▸ DATA

__________

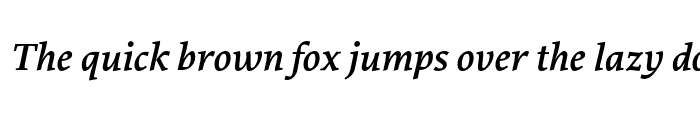 Preview of Proforma SemiBold Italic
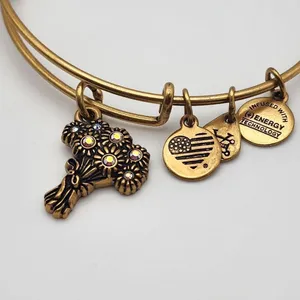 Alex & Ani I Pick You Flower Bouquet Bracelet thumbnail 2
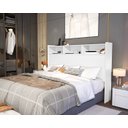 Ver imagem 3 de Cabeceira para Cama Box Queen 158 Melissa Branco Vj Moveis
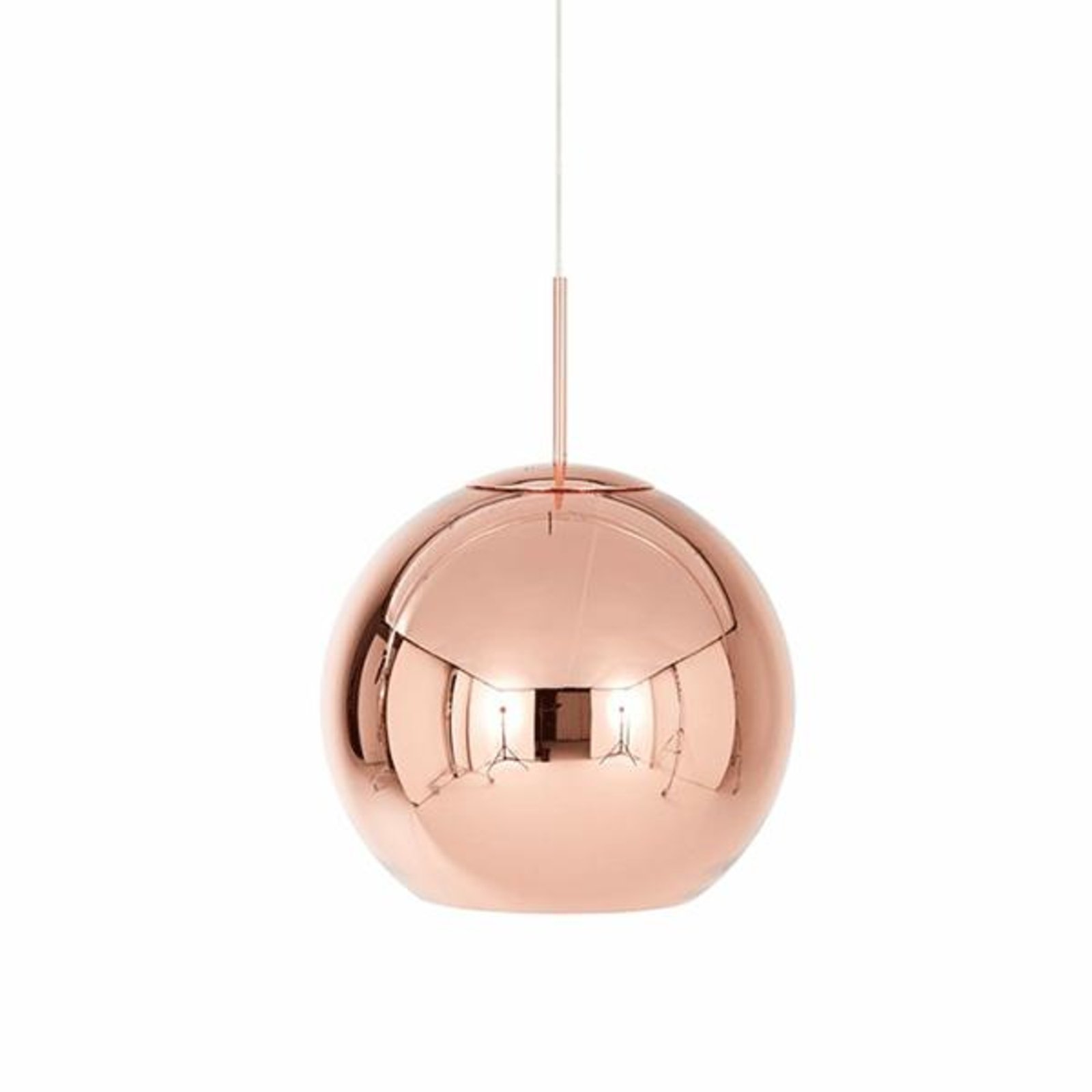 Copper Round LED Visilica Ø45 Copper - Tom Dixon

__________

▸ TASK DESCRIPTION
Please return the full listing exactly as given, with the images left out.

▸ SOLUTION TO THE PROBLEM
 Preview of Proforma SemiBold Italic
 Alex & Ani I Pick You Flower Bouquet Bracelet thumbnail 2
 Ver imagem 3 de Cabeceira para Cama Box Queen 158 Melissa Branco Vj Moveis
 Copper Round LED Visilica Ø45 Copper - Tom Dixon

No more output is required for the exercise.